• [Exercise]: Everything from the line containing "MAJORITY Move 4" through the last line of the material must be restated word for word, and only that.
+-------+
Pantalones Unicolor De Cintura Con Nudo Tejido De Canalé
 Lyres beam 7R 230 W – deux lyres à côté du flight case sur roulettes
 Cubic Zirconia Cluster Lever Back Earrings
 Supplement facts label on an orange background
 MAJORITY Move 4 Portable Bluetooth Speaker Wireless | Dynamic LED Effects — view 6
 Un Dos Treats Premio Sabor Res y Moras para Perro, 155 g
+-------+
• [Reply to the exercise]:
 MAJORITY Move 4 Portable Bluetooth Speaker Wireless | Dynamic LED Effects — view 6
 Un Dos Treats Premio Sabor Res y Moras para Perro, 155 g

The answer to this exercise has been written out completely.